According to Ajit Jain, Vice Chair of Insurance Operations at Berkshire Hathaway, GEICO’s employee count has been slashed from approximately 50,000 to around 20,000. While specific dates for the reductions weren’t provided, the significant cutbacks come after years of the company underperforming relative to its competitors.
Recent financial results, however, indicate that GEICO is showing signs of recovery. In the first quarter of 2025, the company reported $2.2 billion in pretax underwriting earnings, representing a 13% increase from the same period in 2024. This improvement is backed by Bloomberg’s report, which highlights GEICO’s rebounding customer growth following a period of market share loss.

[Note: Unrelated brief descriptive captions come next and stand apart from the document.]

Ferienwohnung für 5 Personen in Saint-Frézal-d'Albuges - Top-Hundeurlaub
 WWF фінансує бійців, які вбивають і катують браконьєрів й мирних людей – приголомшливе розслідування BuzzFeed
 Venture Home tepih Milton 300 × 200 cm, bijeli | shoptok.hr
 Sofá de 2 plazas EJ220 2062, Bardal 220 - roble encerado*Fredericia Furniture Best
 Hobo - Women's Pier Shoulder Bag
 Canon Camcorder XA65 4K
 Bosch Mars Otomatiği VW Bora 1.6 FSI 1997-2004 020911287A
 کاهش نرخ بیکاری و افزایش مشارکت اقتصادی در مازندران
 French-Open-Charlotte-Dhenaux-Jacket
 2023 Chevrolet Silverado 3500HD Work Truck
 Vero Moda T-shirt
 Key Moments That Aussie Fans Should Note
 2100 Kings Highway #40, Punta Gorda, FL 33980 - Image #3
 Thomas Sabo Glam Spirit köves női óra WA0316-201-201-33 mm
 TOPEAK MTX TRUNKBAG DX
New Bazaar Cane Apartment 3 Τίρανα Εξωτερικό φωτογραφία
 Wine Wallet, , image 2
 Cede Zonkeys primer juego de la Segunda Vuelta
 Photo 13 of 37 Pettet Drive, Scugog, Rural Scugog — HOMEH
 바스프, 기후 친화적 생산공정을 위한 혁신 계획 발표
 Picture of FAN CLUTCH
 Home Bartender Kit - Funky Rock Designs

The successful restructuring efforts, led by GEICO CEO Todd Combs, have focused on implementing stringent cost controls and modernizing operations. Jain credited Combs with steering these changes, though he cautioned against complacency, stating, “I do not want to be so arrogant to say ‘mission accomplished.'” Jain emphasized the need for GEICO to prioritize artificial intelligence to maintain competitiveness in the rapidly evolving insurance landscape.
GEICO’s transformation is part of a larger industry trend toward automation and AI adoption. Numerous insurance firms have introduced new digital underwriting platforms and claims processing systems in recent months to reduce costs and enhance accuracy.
The workforce reduction follows earlier cutbacks in 2023 when GEICO laid off about 2,000 employees, or roughly 6% of its workforce. By mid-2024, the company’s employee count had dwindled further to 28,247, marking a 33% reduction from its 2020 peak. These cuts align with similar actions taken by other major insurers, including Farmers Insurance, State Farm, and Allstate, which scaled back operations in various states due to concerns over natural disasters, inflation, and rising property repair costs.
Contrasting with the layoffs, GEICO has also been pursuing expansion efforts. In March 2025, the company announced plans to open a second office in Richardson, Texas, creating over 1,000 new jobs. This move is designed to enhance the company’s sales, service, and claims operations in the region, demonstrating a balanced approach to restructuring and growth.
As the insurance industry continues to evolve, GEICO’s dual strategy of workforce optimization and targeted expansion positions the company for potential long-term success while navigating the challenges of technological disruption and market competition.